The James Webb Space Telescope is the successor to the Hubble Space Telescope and was the top-ranked program in the 2000 Decadal Survey. It underlies many of the 2010 decadal recommended activities. JWST will transform astronomy, through observations of the first stars and galaxies, black holes, and planets in formation. We support JWST.
A timely launch of JWST also enables this decadal survey's top-ranked large space program, the Wide-Field Infrared Space Telescope. Its goals encompass two high priority astronomy areas -- Earth-like planets and Dark Energy. Our leadership in dark energy studies is at risk if a WFIRST launch this decade or a suitable partnership with the European Space Agency is not achieved.

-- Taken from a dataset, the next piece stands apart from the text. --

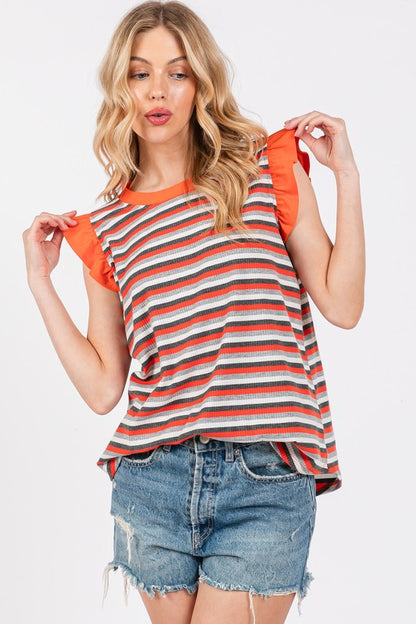 Ces Femme Striped Round Neck Ruffled Cap Sleeve Top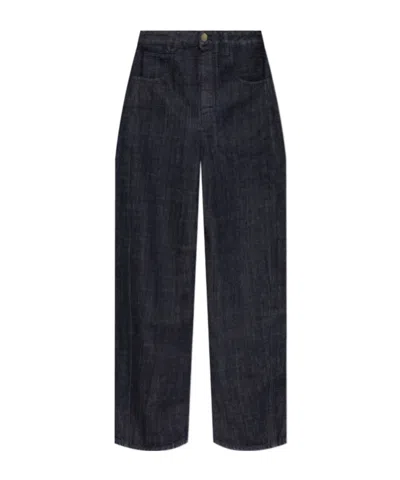 Jacquemus Denim Trousers With Belt Loops In Blue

The mid-scale Explorer missions in NASA's Astrophysics Division address other important issues: they provide rapid launches for timely research, as with the Cosmic Background Explorer that led to a Nobel prize, and they enable instrument training for young scientists.
An issue critical to planetary science is the production of plutoninum-238, used to power missions to the outer solar system such as the Cassini mission to Saturn. There is no viable energy alternative for deep space missions. A production re-start is vital to avoid delayed missions and escalating costs. We urge funding the plutonium restart.
In closing, I thank Representative Wolf for your bipartisan leadership in supporting science and advanced research. Your efforts, along with Representative Mollohan and this committee, have benefited science broadly and astronomy in particular. I can think of no more important way to rebuild America than to support advanced research and maintain US leadership in science, engineering and technology. Thank you.